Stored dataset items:
════════════════
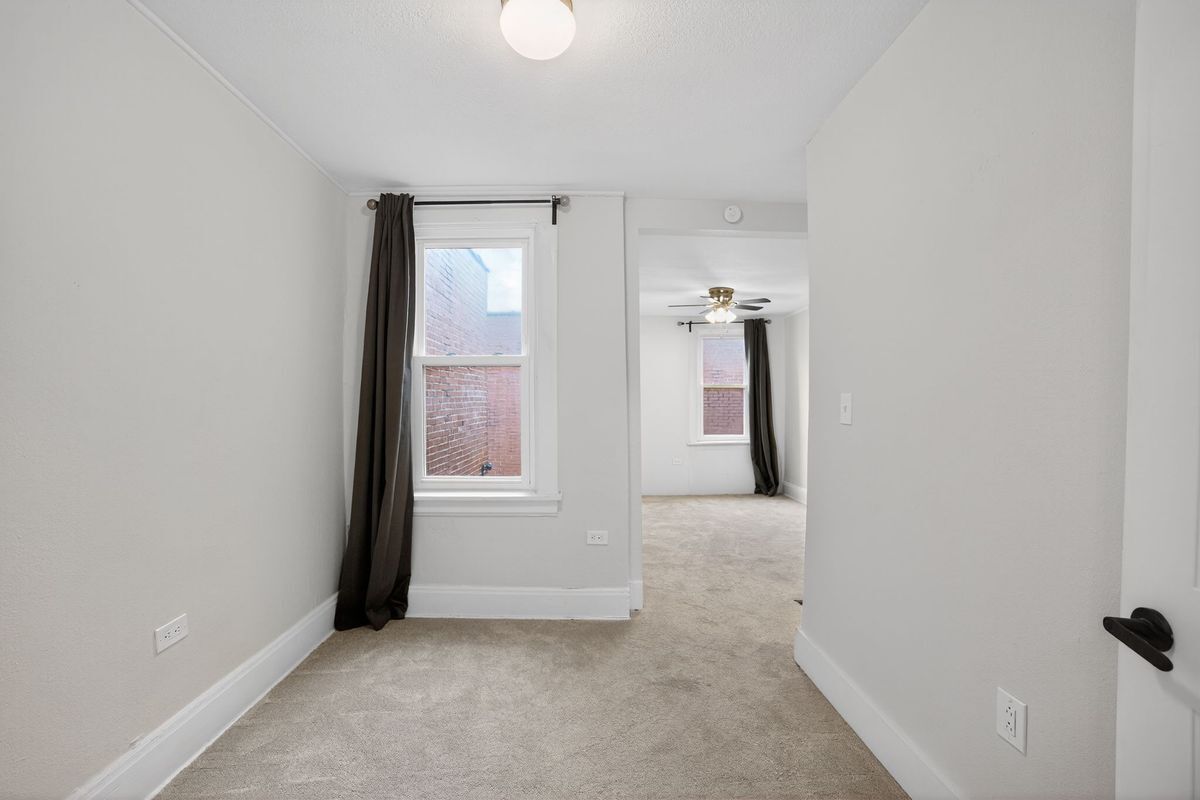 Building Photo - 5822 Bryant St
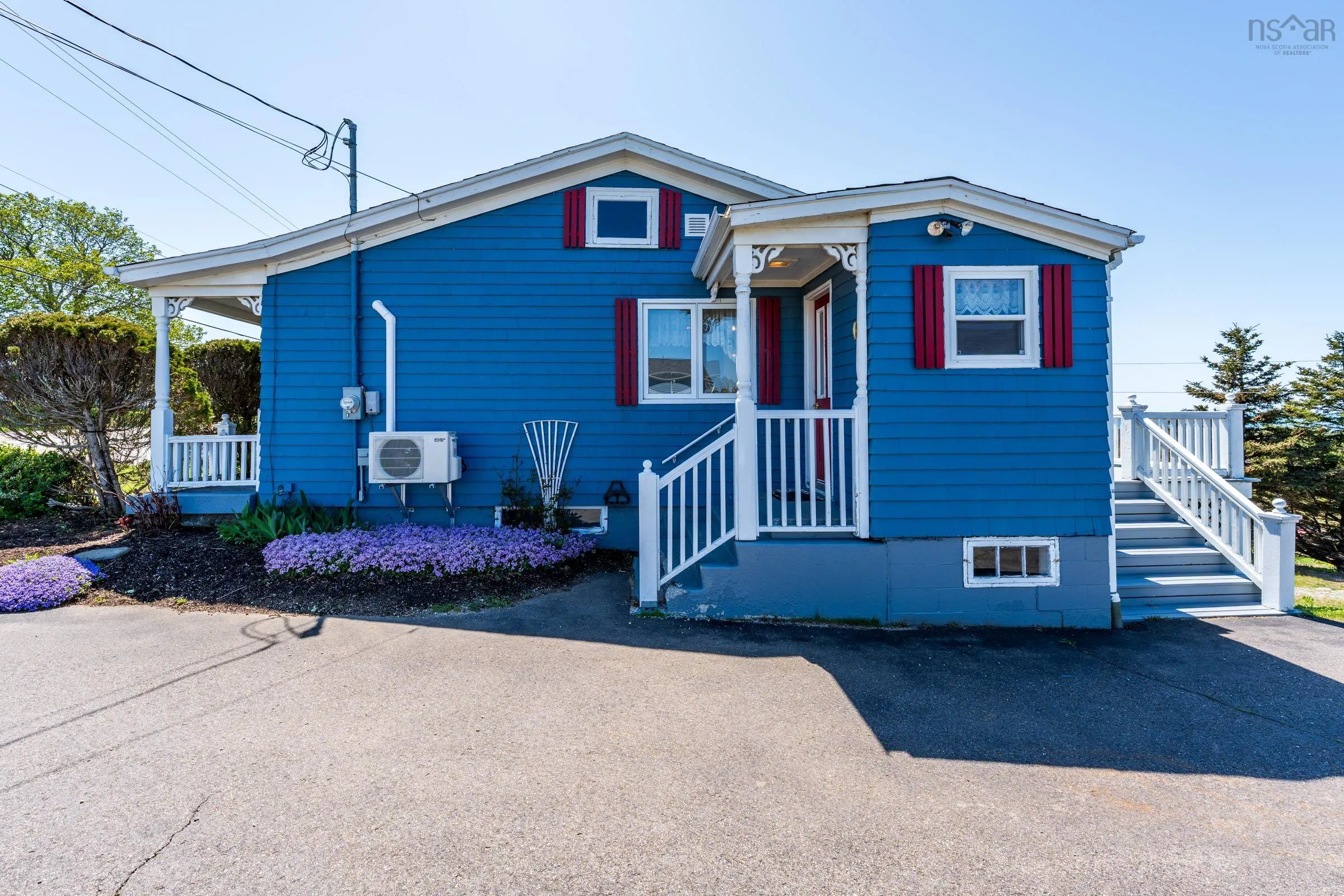 8585 Highway 1, Meteghan Centre Ns B0w 2k0, 3 Bedrooms Bedrooms, ,1 BathroomBathrooms,Residential,For Sale,Highway 1,202510652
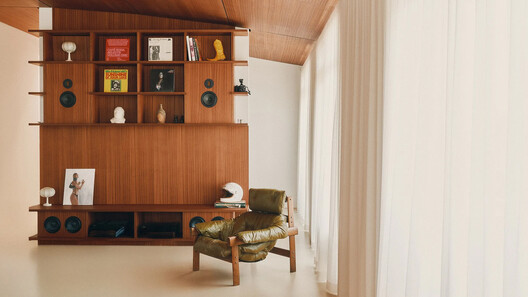 041BÖT Apartment / Christopher Sitzler 041BÖT Apartment / Christopher Sitzler - Interior Photography, Wood, Shelving, Lighting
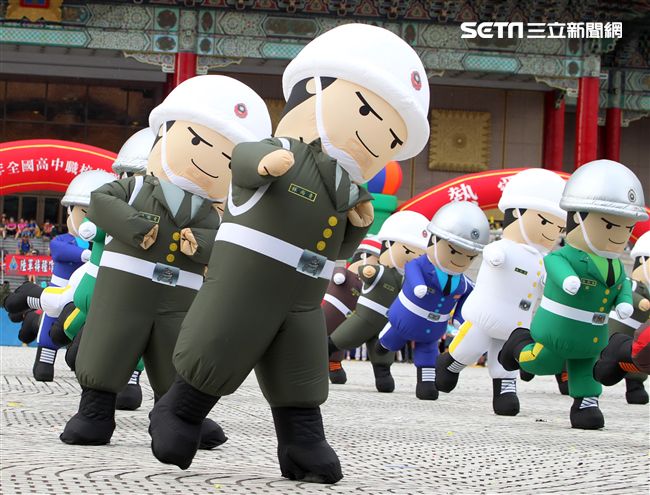 國軍招募娃娃跳舞。（記者邱榮吉/攝影）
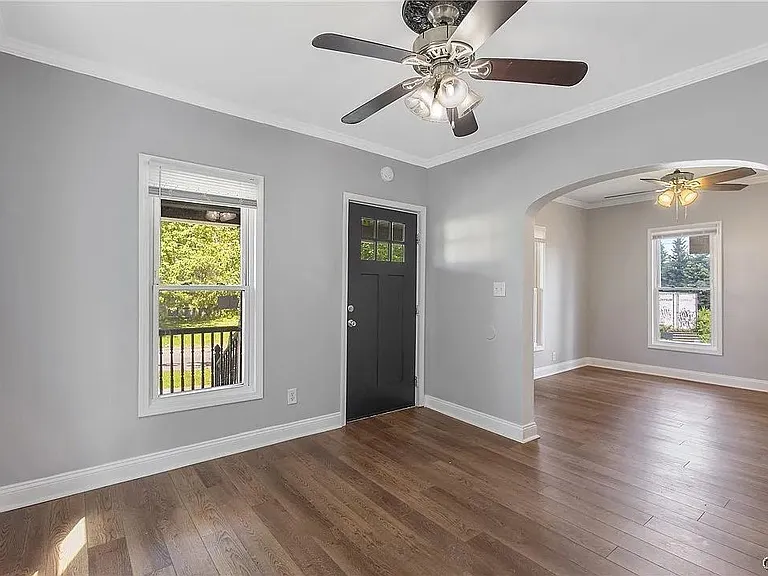 203 Maple St #1 — Photo 3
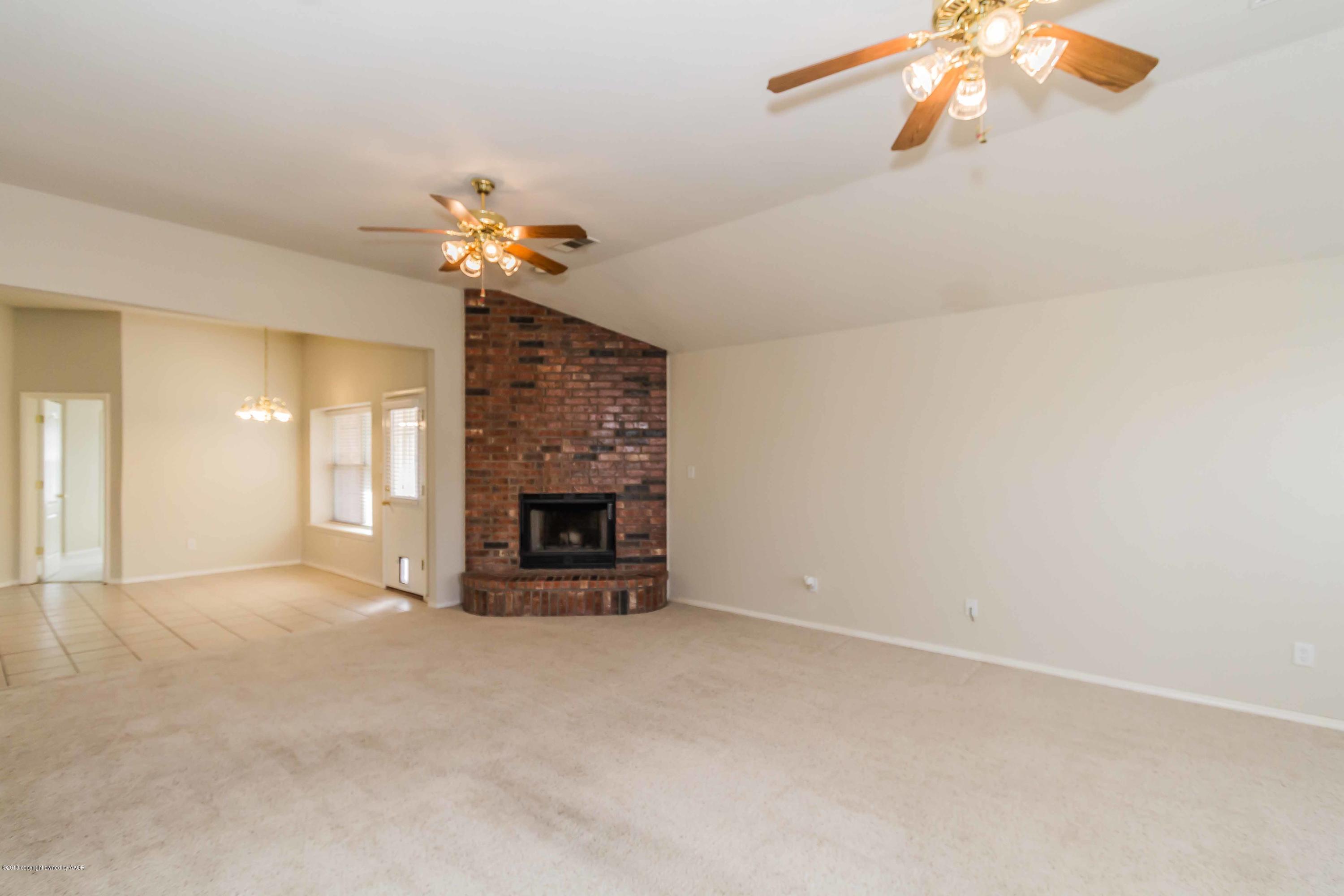 4813 Mc Kinley Lane Amarillo, TX 79110 - Photo 4 of 41 LIVING ROOM VIEW 1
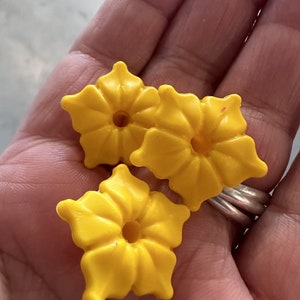 Yellow or Red or Yellow FLOWER replacement Ports x 3 for HUM-fi™ Feeders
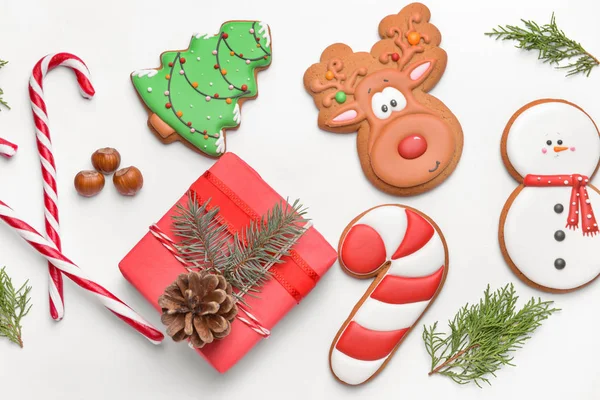 Tasty Christmas cookies with gift on white background — Stock Photo, Image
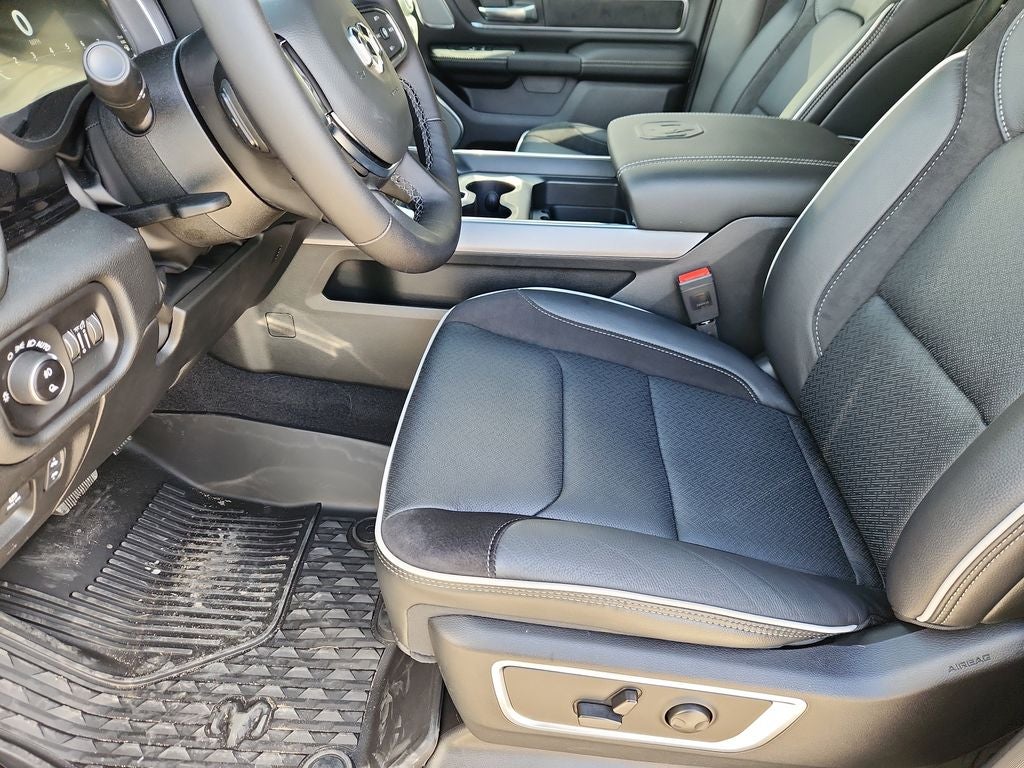 2026 RAM 1500 RAM 1500 LARAMIE CREW CAB 4X4 5'7' BOX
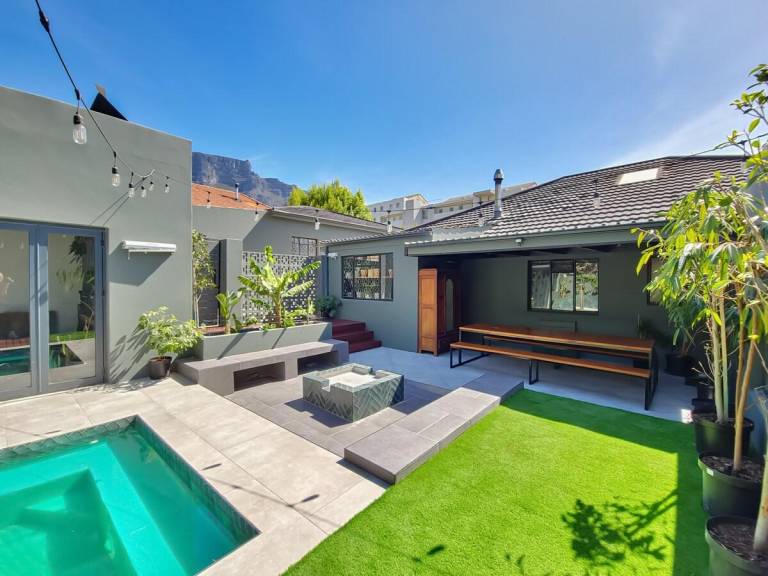 Villa with barbecue, pool & garden | Close to District Six Museum — photo 4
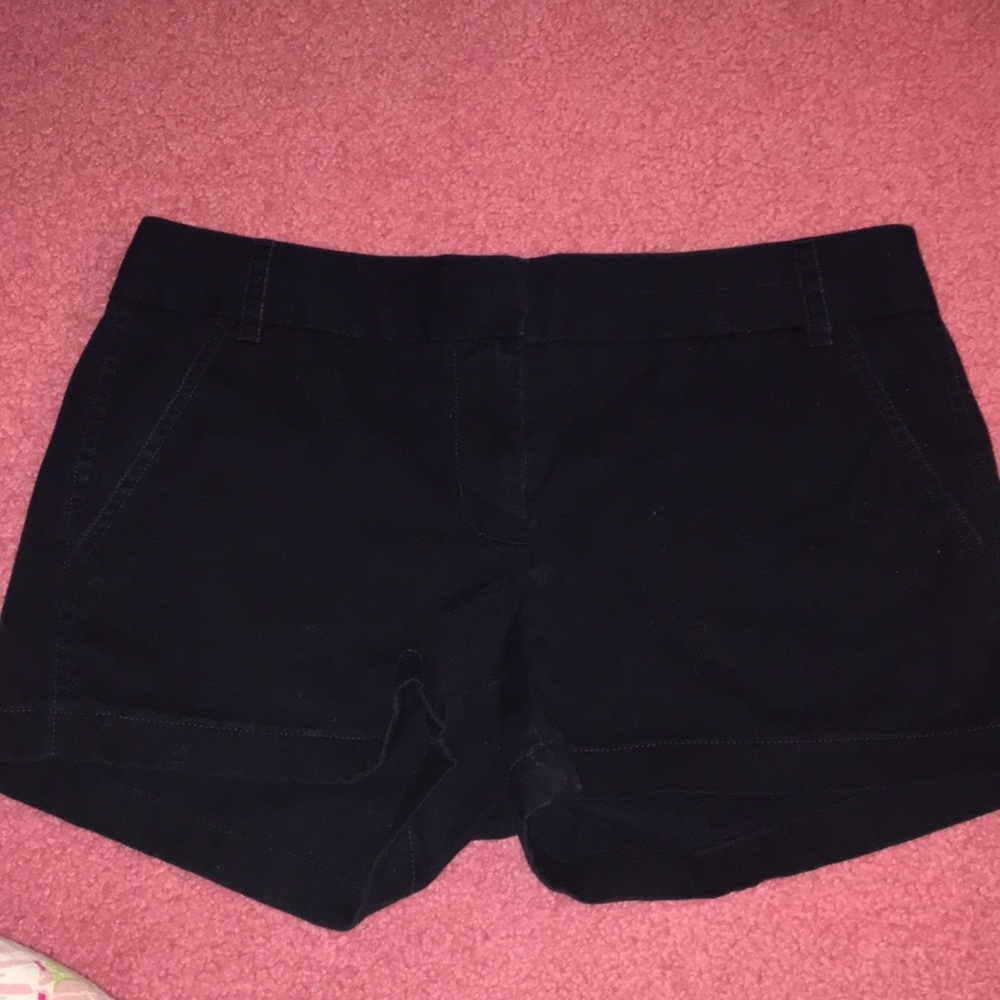 J. Crew Ladies 4 in. Chino shorts— size 6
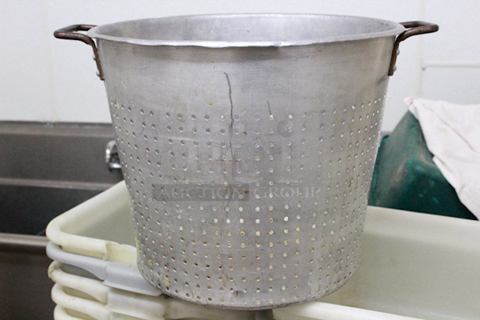 LARGE! Stock Pot Colander. 
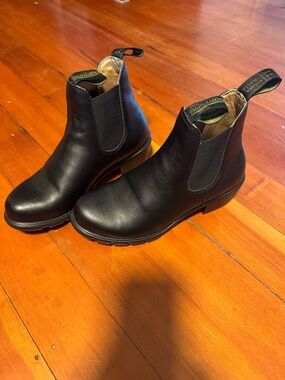 Blundstone women’s Black Chelsea Boots - Classic Slip-On Leather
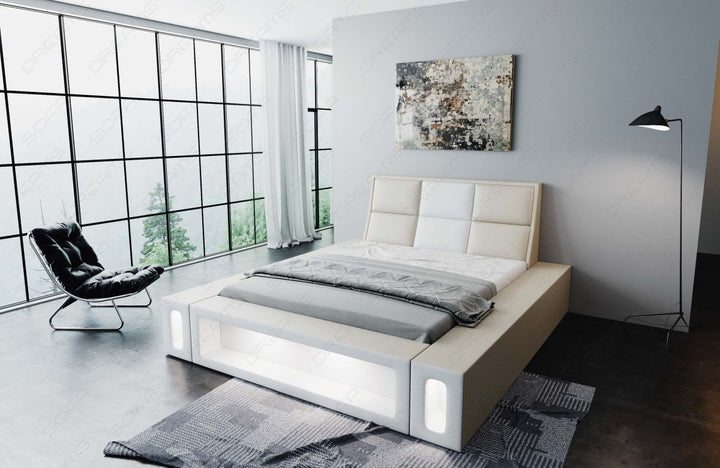 Edles Designerbett Venosa mit Kunstlederbezug und LED Beleuchtung in beige-weiÃŸ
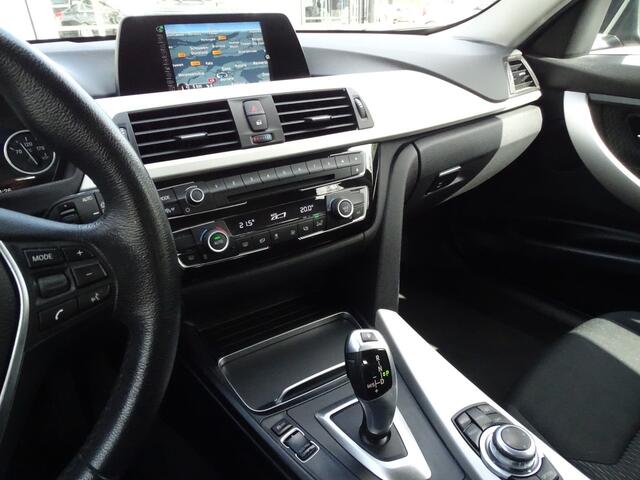 BMW 3-SERIE Touring 318i Executive Automaat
════════════════
[Brief] Your answer must be the lines from the one holding "203 Maple St #1 — Photo 3" through the final line of the records above, exactly as written and without any pictures.

[Task response]
 203 Maple St #1 — Photo 3
 4813 Mc Kinley Lane Amarillo, TX 79110 - Photo 4 of 41 LIVING ROOM VIEW 1
 Yellow or Red or Yellow FLOWER replacement Ports x 3 for HUM-fi™ Feeders
 Tasty Christmas cookies with gift on white background — Stock Photo, Image
 2026 RAM 1500 RAM 1500 LARAMIE CREW CAB 4X4 5'7' BOX
 Villa with barbecue, pool & garden | Close to District Six Museum — photo 4
 J. Crew Ladies 4 in. Chino shorts— size 6
 LARGE! Stock Pot Colander. 
 Blundstone women’s Black Chelsea Boots - Classic Slip-On Leather
 Edles Designerbett Venosa mit Kunstlederbezug und LED Beleuchtung in beige-weiÃŸ
 BMW 3-SERIE Touring 318i Executive Automaat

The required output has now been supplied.